### TASK DIRECTIONS
Return, from the listing below, each line where the word "Foto" appears.
----- RECORDS TO PROCESS -----
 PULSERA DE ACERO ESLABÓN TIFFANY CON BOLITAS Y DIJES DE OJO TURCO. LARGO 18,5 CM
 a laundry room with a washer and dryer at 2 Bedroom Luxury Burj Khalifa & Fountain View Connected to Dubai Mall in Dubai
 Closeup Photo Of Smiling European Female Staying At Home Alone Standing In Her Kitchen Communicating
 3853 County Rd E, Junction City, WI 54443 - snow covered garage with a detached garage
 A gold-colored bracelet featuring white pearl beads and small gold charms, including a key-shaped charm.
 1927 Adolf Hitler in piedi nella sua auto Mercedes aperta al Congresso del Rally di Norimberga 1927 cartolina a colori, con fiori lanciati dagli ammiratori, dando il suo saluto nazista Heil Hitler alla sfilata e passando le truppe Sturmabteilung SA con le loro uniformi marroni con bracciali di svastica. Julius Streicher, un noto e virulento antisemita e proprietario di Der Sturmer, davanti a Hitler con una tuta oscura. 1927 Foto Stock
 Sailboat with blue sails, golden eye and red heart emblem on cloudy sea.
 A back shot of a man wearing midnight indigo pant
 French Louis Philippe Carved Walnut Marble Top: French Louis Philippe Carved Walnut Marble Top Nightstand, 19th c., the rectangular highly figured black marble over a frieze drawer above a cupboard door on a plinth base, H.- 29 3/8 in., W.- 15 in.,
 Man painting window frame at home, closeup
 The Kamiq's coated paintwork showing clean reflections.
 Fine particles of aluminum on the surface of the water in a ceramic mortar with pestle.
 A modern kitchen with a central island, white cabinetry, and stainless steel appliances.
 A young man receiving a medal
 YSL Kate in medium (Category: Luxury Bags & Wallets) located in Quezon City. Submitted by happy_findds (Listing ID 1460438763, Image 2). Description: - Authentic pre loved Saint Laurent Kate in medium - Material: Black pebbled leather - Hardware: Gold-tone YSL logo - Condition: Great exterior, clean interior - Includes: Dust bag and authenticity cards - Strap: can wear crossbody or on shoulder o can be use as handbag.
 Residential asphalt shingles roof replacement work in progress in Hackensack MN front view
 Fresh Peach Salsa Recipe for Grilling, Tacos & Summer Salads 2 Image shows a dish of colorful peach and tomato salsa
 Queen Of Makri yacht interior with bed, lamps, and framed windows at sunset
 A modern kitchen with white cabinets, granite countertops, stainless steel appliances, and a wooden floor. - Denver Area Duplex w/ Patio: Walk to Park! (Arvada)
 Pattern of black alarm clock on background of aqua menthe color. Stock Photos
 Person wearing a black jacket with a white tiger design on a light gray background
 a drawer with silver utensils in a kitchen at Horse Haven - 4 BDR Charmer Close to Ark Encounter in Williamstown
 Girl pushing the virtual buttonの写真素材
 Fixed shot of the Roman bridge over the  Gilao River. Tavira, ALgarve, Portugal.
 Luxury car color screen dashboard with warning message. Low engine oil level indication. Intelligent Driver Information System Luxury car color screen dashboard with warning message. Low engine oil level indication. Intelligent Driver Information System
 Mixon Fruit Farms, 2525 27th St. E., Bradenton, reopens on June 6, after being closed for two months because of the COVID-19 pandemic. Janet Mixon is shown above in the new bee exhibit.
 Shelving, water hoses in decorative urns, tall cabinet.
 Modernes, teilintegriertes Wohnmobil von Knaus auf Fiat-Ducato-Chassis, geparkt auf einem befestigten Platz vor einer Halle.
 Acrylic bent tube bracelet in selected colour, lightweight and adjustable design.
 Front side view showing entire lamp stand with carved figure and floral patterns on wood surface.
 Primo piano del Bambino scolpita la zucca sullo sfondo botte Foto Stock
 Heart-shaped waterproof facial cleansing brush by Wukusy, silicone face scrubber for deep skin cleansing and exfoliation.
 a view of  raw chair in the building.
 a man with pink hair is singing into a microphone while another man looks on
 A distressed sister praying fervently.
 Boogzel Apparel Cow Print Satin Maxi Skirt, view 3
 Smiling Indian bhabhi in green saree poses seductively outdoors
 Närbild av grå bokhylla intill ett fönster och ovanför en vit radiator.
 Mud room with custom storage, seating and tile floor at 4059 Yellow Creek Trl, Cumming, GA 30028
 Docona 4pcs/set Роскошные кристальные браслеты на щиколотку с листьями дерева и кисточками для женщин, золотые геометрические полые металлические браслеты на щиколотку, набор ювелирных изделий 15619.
-----
### REPLY
 1927 Adolf Hitler in piedi nella sua auto Mercedes aperta al Congresso del Rally di Norimberga 1927 cartolina a colori, con fiori lanciati dagli ammiratori, dando il suo saluto nazista Heil Hitler alla sfilata e passando le truppe Sturmabteilung SA con le loro uniformi marroni con bracciali di svastica. Julius Streicher, un noto e virulento antisemita e proprietario di Der Sturmer, davanti a Hitler con una tuta oscura. 1927 Foto Stock
 Primo piano del Bambino scolpita la zucca sullo sfondo botte Foto Stock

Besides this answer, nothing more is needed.